Déboussolé, se recentrant chez lui, Guy contemplait d'un air distrait son miroir, comme pour mieux sonder ses propres énigmes lorsqu'il fut soudainement intrigué par une seconde silhouette qui se dessinait.
Une forme féminine éthérée apparut dont les contours se précisaient progressivement : était-ce le fruit de son délire, d'une imagination déséquilibrée ?

Il l'ignorait, mais se sentait captivé, happé et déjà envoûté par cette entité qu'il nomma « Spirite ».

Poussé par la curiosité d'un homme qui n'a plus rien à perdre, l'appel de cet « extra-monde » lui paraissait infiniment plus fascinant que le monde visible, qu'importe même que cet inconnu soit périlleux pourvu qu'il puisse se détacher de sa somnolente routine qui ne l'inspire plus.

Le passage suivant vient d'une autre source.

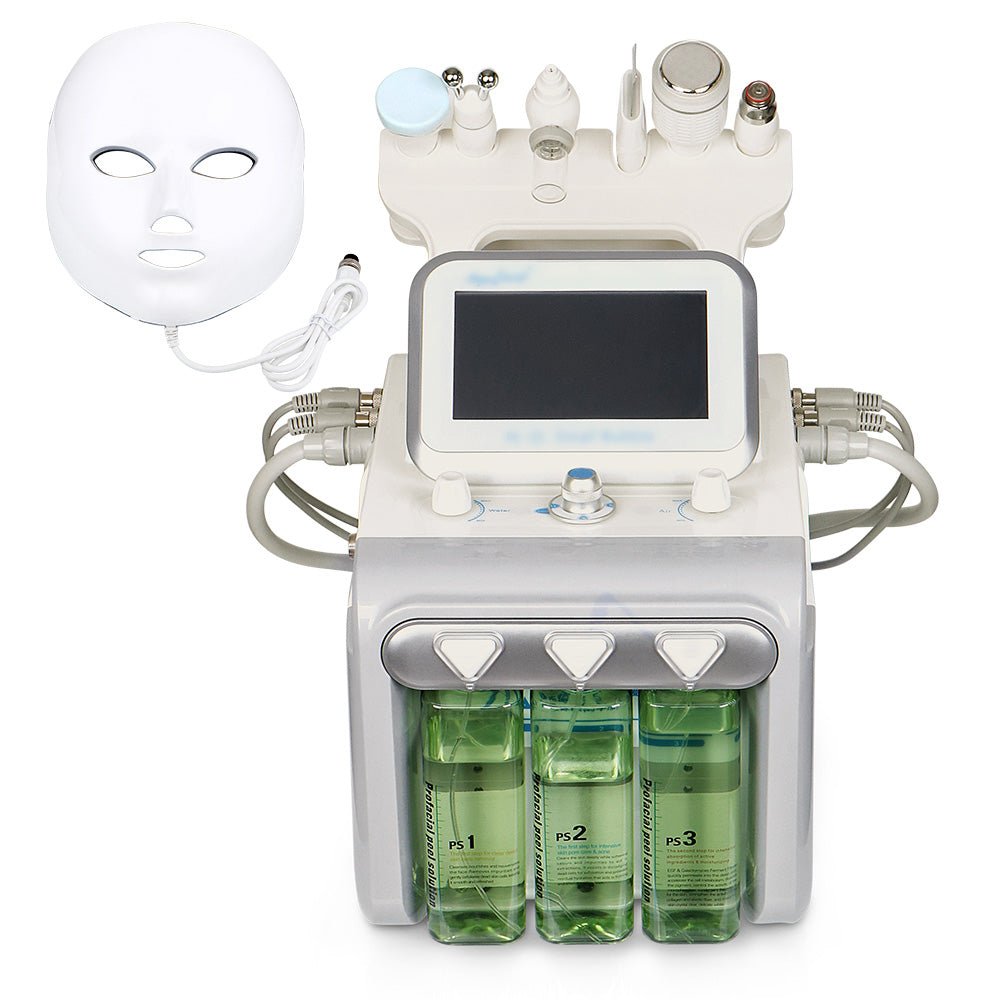 Shape Tactics Hydro Dermabrasion Ultrasound RF LED Skin Rejuvenation System - Renee Lane Company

Submergé par toute cette soudaine volupté ésotérique, Guy cherche à apaiser ses émotions tumultueuses en allant parcourir le bois de Boulogne en hiver, contemplant depuis son fiacre transformé en traineau le « bal masqué de la glace », le ballet des patineurs.
Mais où qu'il soit, il ne cesse d'être tourmenté par Spirite, qui elle aussi se promène dans un fiacre élégant conduit par un cocher. Reconnaissant vaguement ses traits, il se lance dans une course effrénée pour la rattraper, mais l'attelage de la mystérieuse dame s'estompe soudainement, laissant Guy suspendu entre la confusion et l'émerveillement.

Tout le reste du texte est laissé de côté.